Title: | Explore Socrata Data with Ease |
Version: | 0.1.0 |
Description: | Provides an interface to search, read, query, and retrieve metadata for datasets hosted on 'Socrata' open data portals. Supports all 'Socrata' data types, including spatial data returned as 'sf' objects. |
License: | GPL (≥ 3) |
Encoding: | UTF-8 |
RoxygenNote: | 7.3.2 |
Config/rextendr/version: | 0.4.0.9000 |
SystemRequirements: | Cargo (Rust's package manager), rustc >= 1.65.0 |
Depends: | R (≥ 4.2) |
Imports: | cli, httr2, rlang (≥ 1.1.0), sf, tibble |
Suggests: | glue, httptest2, rmarkdown, testthat (≥ 3.0.0) |
Config/testthat/edition: | 3 |
URL: | https://ryanzomorrodi.github.io/socratadata/, https://github.com/ryanzomorrodi/socratadata |
BugReports: | https://github.com/ryanzomorrodi/socratadata/issues |
NeedsCompilation: | yes |
Packaged: | 2025-07-22 21:07:53 UTC; user |
Author: | Ryan Zomorrodi [aut, cre] |
Maintainer: | Ryan Zomorrodi <rzomor2@uic.edu> |
Repository: | CRAN |
Date/Publication: | 2025-07-29 10:00:02 UTC |
Discover datasets and public data assets using the Socrata Discovery API
Description
Provides access to the Socrata Discovery API, allowing you to search tens of thousands of government datasets and assets published on the Socrata platform. Governments at all levels publish data on topics including crime, permits, finance, healthcare, research, and performance.
Usage
soc_discover(
attribution = NULL,
categories = NULL,
domain_category = NULL,
domains = NULL,
ids = NULL,
names = NULL,
only = "dataset",
provenance = NULL,
query = NULL,
tags = NULL,
domain_tags = NULL,
location = "us",
limit = 10000
)
Arguments
attribution |
string; Filter by the attribution or publisher |
categories |
character vector; Filter by categories. |
domain_category |
string; Filter by domain category (requires a specified domain). |
domains |
character vector; Filter to domains. |
ids |
character vector; Filter by an asset IDs. |
names |
character vector; Filter by asset names. |
only |
character vector; Filter to specific asset types.

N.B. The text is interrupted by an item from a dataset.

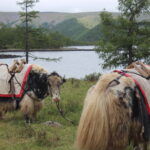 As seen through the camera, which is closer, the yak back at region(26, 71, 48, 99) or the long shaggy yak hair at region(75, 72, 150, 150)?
the long shaggy yak hair at region(75, 72, 150, 150)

Must be one or more of: |
provenance |
string; Filter by provenance: |
query |
character string; Filter using a a token matching one from an asset's name, description, category, tags, column names, column fieldnames, column descriptions or attribution. |
tags |
character vector; Filter by tags associated with the assets. |
domain_tags |
string; Filter by domain tags associated with the assets (requires a specified domain). |
location |
string; Regional API domain: |
limit |
whole number; Maximum number of results (cannot exceed 10,000). |
Value
A tibble containing metadata for each discovered asset. Columns include:
- id
Asset identifier (four-by-four ID).
- name
Asset name.
- attribution
Attribution or publisher of the asset.
- owner_name
Display name of the asset owner.
- provenance
Provenance of asset (official or community).
- description
Textual description of the asset.
- created
Date asset was created.
- data_last_updated
Date asset data was last updated
- metadata_last_updated
Date asset metadata was last updated
- categories
Category labels assigned to the asset.
- tags
Tags associated with the asset.
- domain_category
Category label assigned by the domain.
- domain_tags
Tags applied by the domain.
- domain_metadata
Metadata associated with the asset assigned by the domain.
- column_names
Names of asset columns.
- column_labels
Labels of asset columns.
- column_datatypes
Datatypes of asset columns.
- column_descriptions
Description of asset columns.
- permalink
Permanent URL where the asset can be accessed.
- link
Direct asset link.
- license
License associated with the asset.
See Also
https://dev.socrata.com/docs/other/discovery
Examples
# Search for crime-related datasets in the Public Safety category
results <- soc_discover(
query = "crime",
categories = "Public Safety",
only = "dataset"
)
List Available Datasets on a Socrata Portal
Description
Retrieves a catalog of available datasets from a Socrata open data portal.
Usage
soc_list(url)
Arguments
url |
A character string specifying the base URL of the Socrata portal (e.g., |
Value
A tibble with one row per dataset and the following columns:
- id
Dataset identifier (four-by-four ID).
- name
Title of the dataset.
- categories
Categories associated with the dataset.
- keywords
Keywords describing the dataset.
- last_updated
The date of the last dataset modification.
- landing_page
The landing page url of the dataset.
- description
Brief description of the dataset's content.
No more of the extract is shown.